Start with the details of the equipment for the Instrument Attributes. If this is commercial equipment, include the make and model, a short description of what type of instrument it is and details about its configuration. If the instrument is bespoke, you will need to include more details. Next, you should include image acquisition parameters. These relate to how the instrument was set up for the particular experiment. Some of these may be captured automatically by the instrument’s software, so make things easy for yourself and check if a file is generated and what’s in it. If a file is generated, then you only need to manually record anything that is missing from the file.

Comment: Example
Instrument attributes Olympus FV3000, laser point scanning confocal, 500-550 nm filter, 37-degree chamber.
Image acquisition parameters
Objective 20x
Excitation Wavelength 488 nm
PMT gain 500 V
Pixel dwell time 2 𝜇s
Confocal aperture 200 𝜇m

To help you collect the information for your own data, you might have a look at the local resources from your institution or universities. For example, at Warwick University, there are webpages describing the metadata that needs to be collected for some of the microscopes.

Image data

In this section, you record all the information related to all the images you have. Not only the primary or raw images, but also any processed images, perhaps such as binary files showing the resulting segmentation.

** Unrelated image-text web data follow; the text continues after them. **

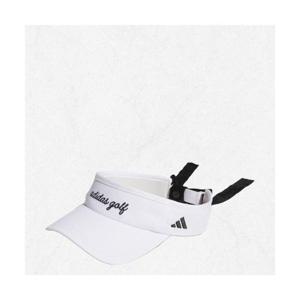 아디다스 ADIDAS GOLF 리본 바이저 JN9773 2513782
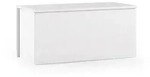 Koffer Miltonia, Ger&auml;umige Mehrzweck - Aufbewahrungsbox, Moderne Brust, 100% Made In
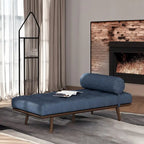 Modern chaise lounge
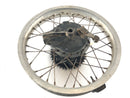 Honda XL 500 R PD02 [1983] - Rim med bromstrumma-5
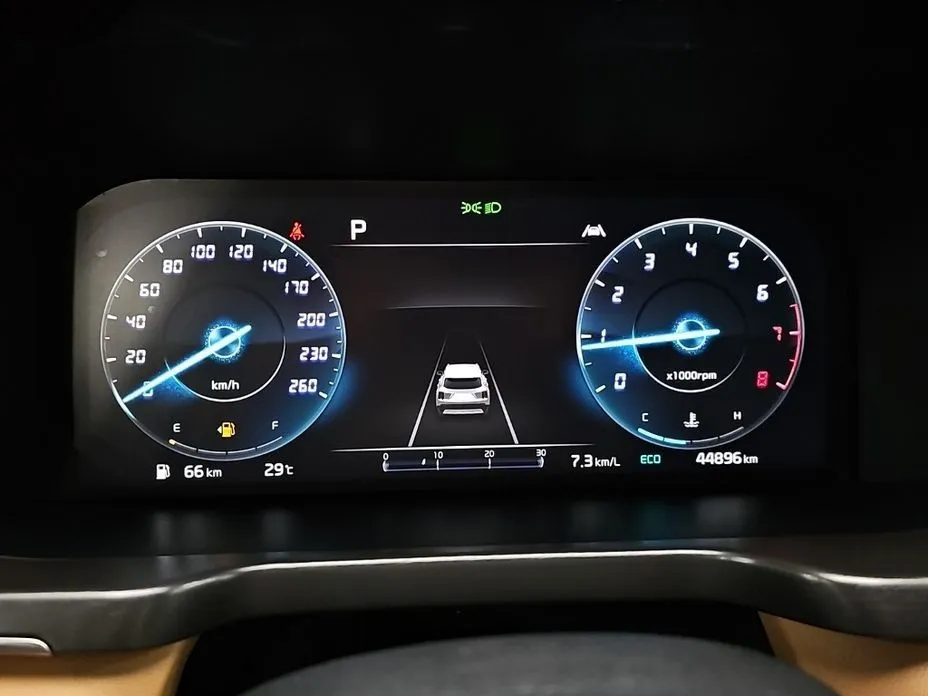 Kia Sorento — фото 4
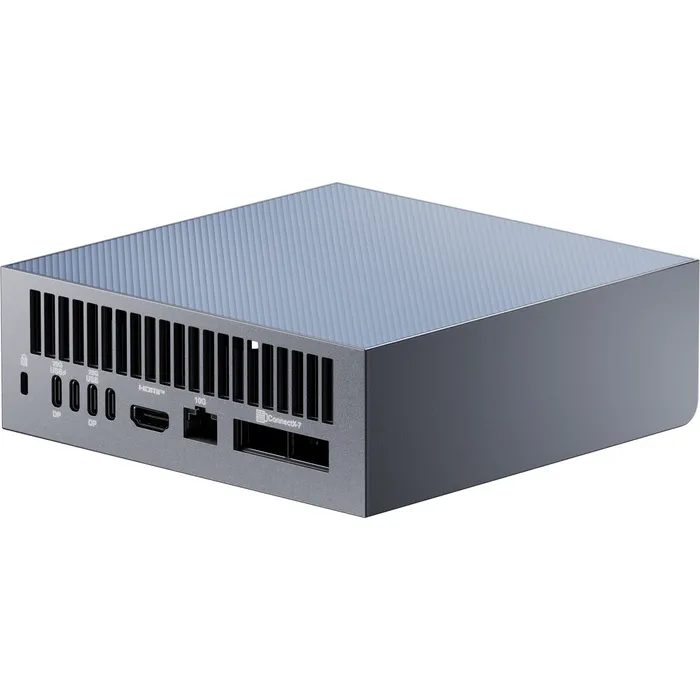 Mini PC Asus Ascent Gx10 Nvidia Gb10 128 Gb LpDDR5x 1 Tb M.2 Nvme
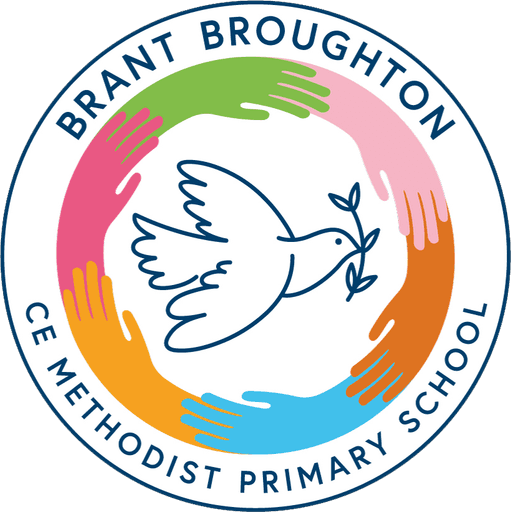 Brant Broughton Church of England and Methodist Primary School logo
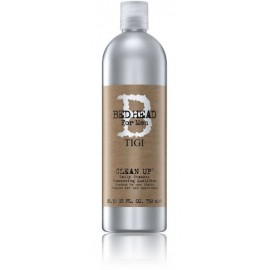 Tigi Bed Head For Men Clean Up šampoon meestele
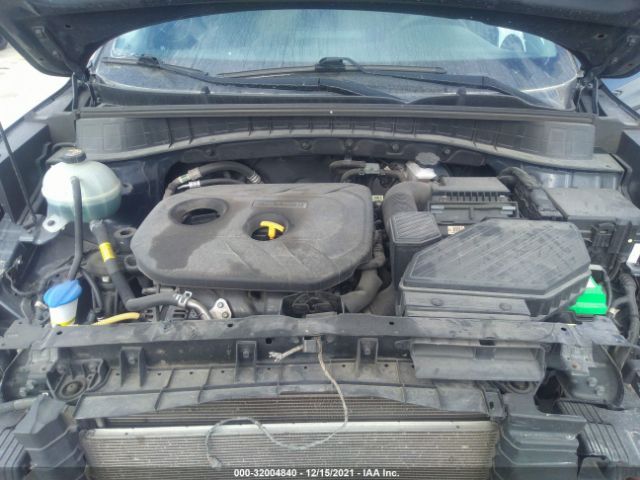 Photo 9 VIN: KM8J23A40KU912345 - HYUNDAI TUCSON 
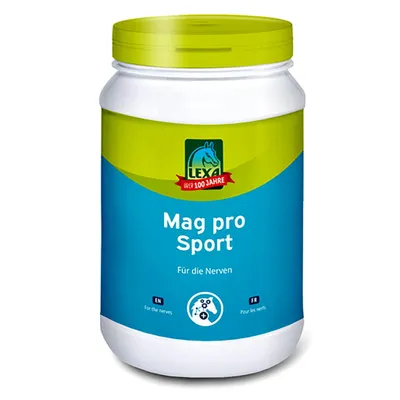 Produktbild von 1 kg LEXA Mag pro Sport für Pferde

You need to say what format the images are in and if they have undergone any compression, the dimensions of the images, and what the physical size of the pixel or voxel is, including the units. Most of this information you should be able to get from the metadata or header of the image files.

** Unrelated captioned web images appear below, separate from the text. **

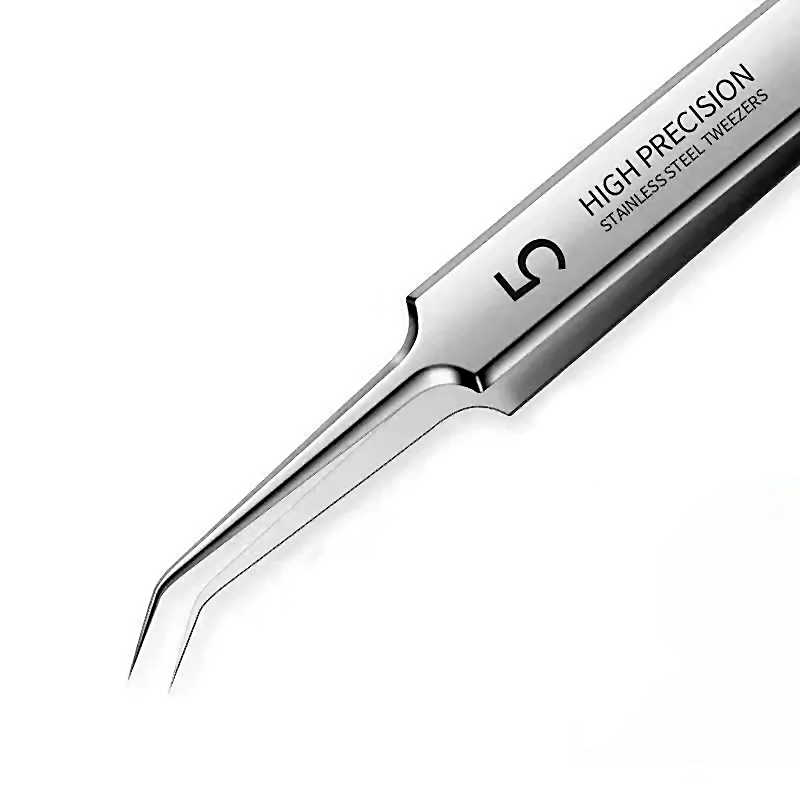 Ultra-fine Tweezers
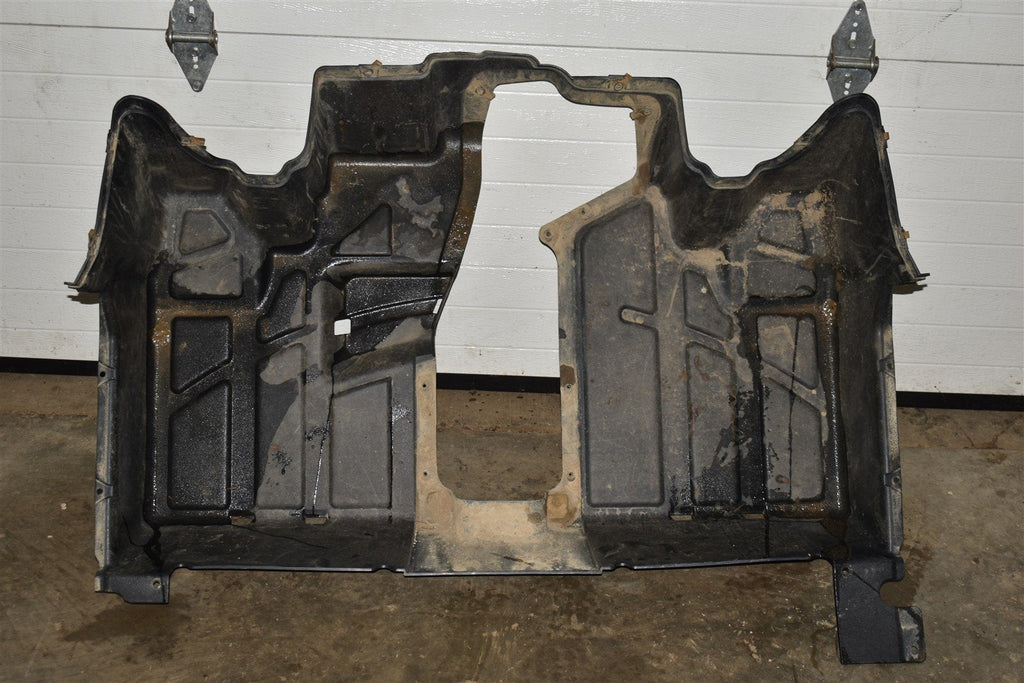 2010 Polaris Razor RZR 800S EFI Floor 5437766-070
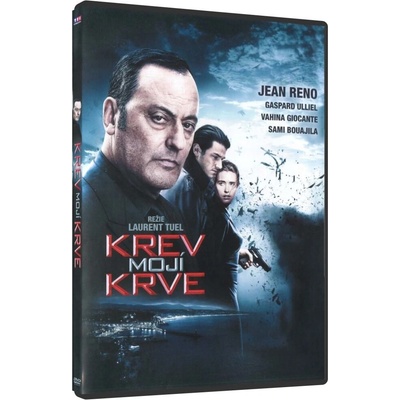 Krev mojí krve DVD – Hledejceny.cz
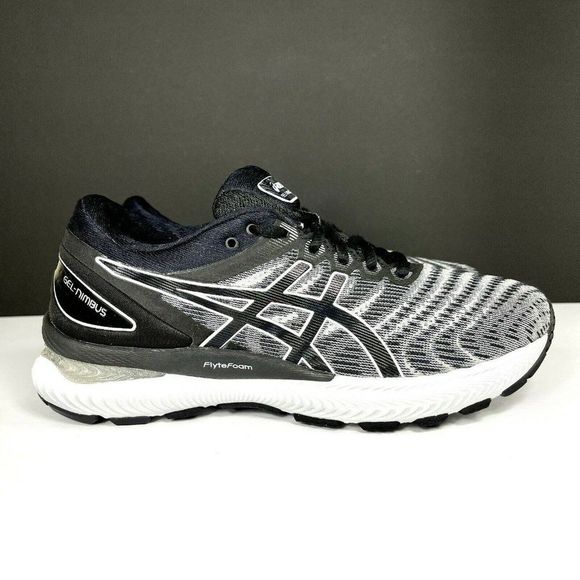 asics gel nimbus 22 size 8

Next, you need to state the physical size of the image or magnification, calculated from the pixel or voxel size and the dimension extents. Give any information related to how the channels are represented. For processed images, you need to provide the methods used for processing.

Finally, say you have used contrast inversion, do the bright features in the image correspond to areas of high signal, or is it the other way around?

Comment: Example
Type Primary Image, Segmentation
Format and compression Primary: .oir (Olympus), Segmentation: .tiff
Dimension extents x: 512, y: 512, z: 25
Size description 153.6 x 153.6 x 25 𝜇m
Pixel/Voxel size description 0.3 x 0.3 x 0.1 𝜇m
Image processing method Fiji: Median filter (3 pixel kernel), Otsu threshold
Contrast inversion No

Image correlation

If you have used different imaging modalities with the same sample, this part of the metadata should describe how the images relate to one another. You could use this section to describe generally the relationship between images. In the example below, images from different modalities have been aligned.

Comment: Example
Spatial and temporal alignment Manual
Fiducials used Soil grains
Transformation matrix See file: Transforms.csv
Size description 153.6 x 153.6 x 25 𝜇m
Related images and relationship Primary XCT: Data/XCT Primary XRF: Data/XRF Processed XRF: Data/Transformed_XRF

Analysed data

This section should not include metadata for any image data, including processed images, as that should have been covered in the Image Data section. Instead, it should describe the analysis results you have, such as measurements. Have you done some numerical analysis or some phenotyping or something else? There is no need to describe the methods in great detail if they are already described in the relevant publication.

Comment: Example
Analysis results type Speed of cell division
Data used for analysis Preprocessed images, Cell tracks
Analysis method Track cell lineage: BayesianTracker (btrack) with configuration track_config.json Measure speed: Numerical analysis in Python

Final notes

For more examples, check out REMBI Supplementary Information - either in pdf or spreadsheet.

At first glance, it might seem to be quite a stretch to collect all that metadata! But don’t get discouraged - following those guidelines will ensure better communication between the scientists and will make your research FAIR: Findable, Accessible, Interoperable, Reusable. During big data era when we are surrounded by so much resources, it’s crucial to get good data management habits, share them with others and hence contribute to the development of Science toghether.